De quel bois sont (vraiment) faits les violons Stradivarius ? Une étude dément le mythe
Le secret de la sonorité légendaire des violons Stradivarius a longtemps été attribué à une singularité climatique : le « Petit Âge Glaciaire » (1645-1715). Cette période de froid intense aurait ralenti la croissance des arbres, produisant un bois d’une densité et d’une homogénéité parfaites pour la lutherie. Une explication séduisante, mais que des recherches récentes viennent contredire, du moins pour le maître de Crémone.
Le mythe du « Petit Âge Glaciaire » en question
La théorie du Petit Âge Glaciaire reposait sur l’idée que le bois d’épicéa et d’érable, principaux matériaux des violons, aurait bénéficié de cernes de croissance très serrés et réguliers.

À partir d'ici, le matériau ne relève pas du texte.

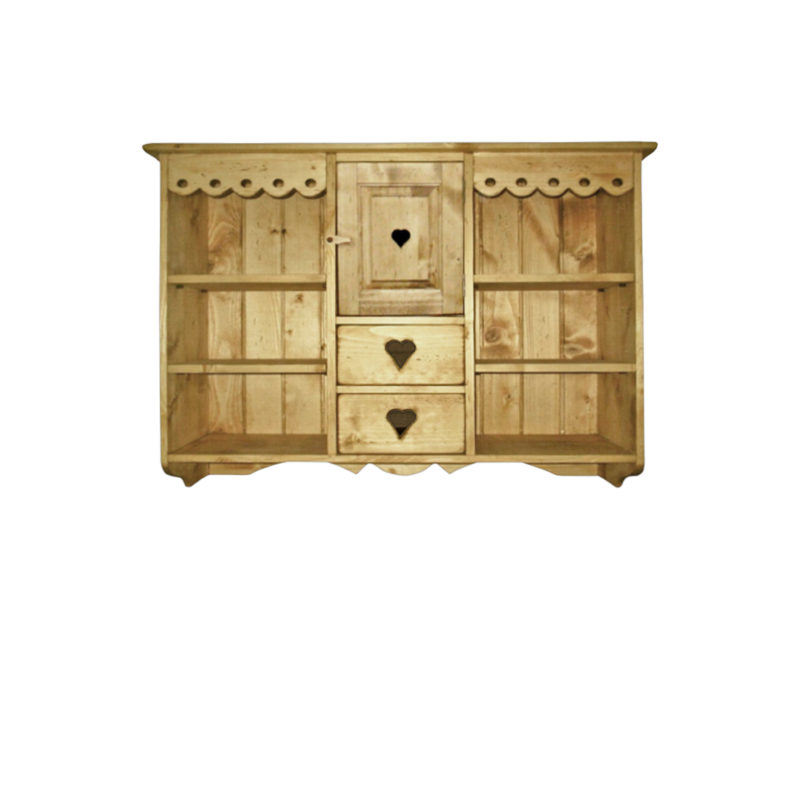 Étagère Murale 1 Porte + 2 Tiroirs en Bois Massif Chamonix meublespin.fr - mobilier et de décoration de style montagne ou chalet- meubles en pin, mobilier en bois massif de qualité, canapés convertibles - https://meublespin.fr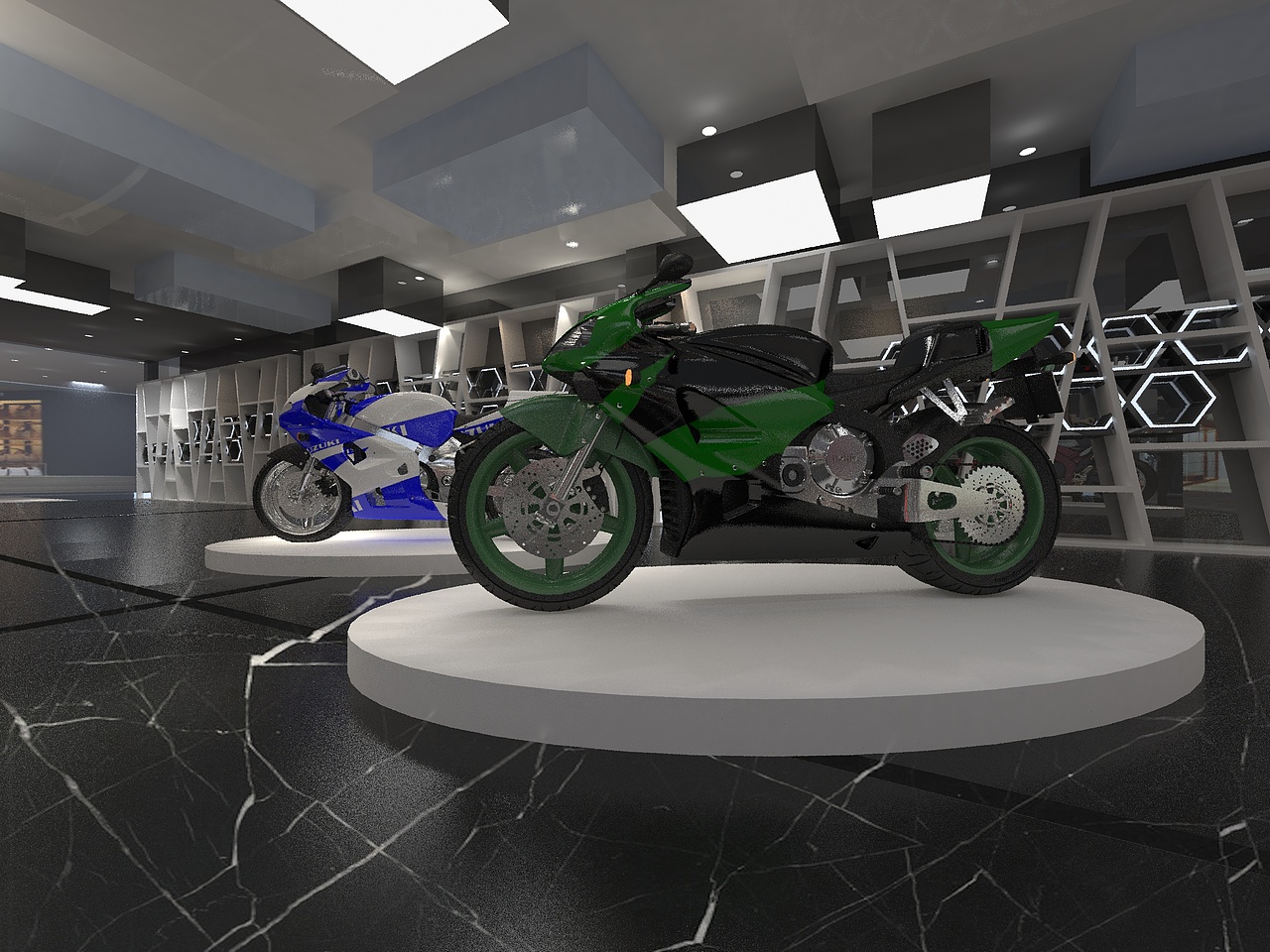 摩托车展厅专卖店_小伟空间设计-站酷zcool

Cette structure micro-cellulaire unique aurait conféré aux instruments une résonance et une puissance acoustique sans égales. Antonio Stradivari, ayant vécu de 1644 à 1737, semblait parfaitement s’inscrire dans cette ère climatique.
La dendrochronologie révèle un autre secret
Cependant, une étude menée par des chercheurs de l’Université du Tennessee, utilisant la dendrochronologie (datation par les anneaux des arbres), a analysé précisément l’âge du bois de plusieurs violons Stradivarius. Les résultats sont édifiants :
- L’épicéa (utilisé pour les tables d’harmonie) a été récolté entre 1620 et 1670.
- L’érable (pour le fond, les éclisses et le manche) a été coupé entre 1580 et 1660.
Ces dates indiquent que Stradivari a utilisé du bois bien plus ancien que ce que la théorie précédente suggérait. Le bois qu’il a travaillé avait déjà plusieurs décennies, voire un siècle, lorsqu’il a été transformé en instrument. Il n’a donc pas directement bénéficié de la croissance des arbres pendant les périodes les plus froides du Petit Âge Glaciaire, qui ont culminé plus tard.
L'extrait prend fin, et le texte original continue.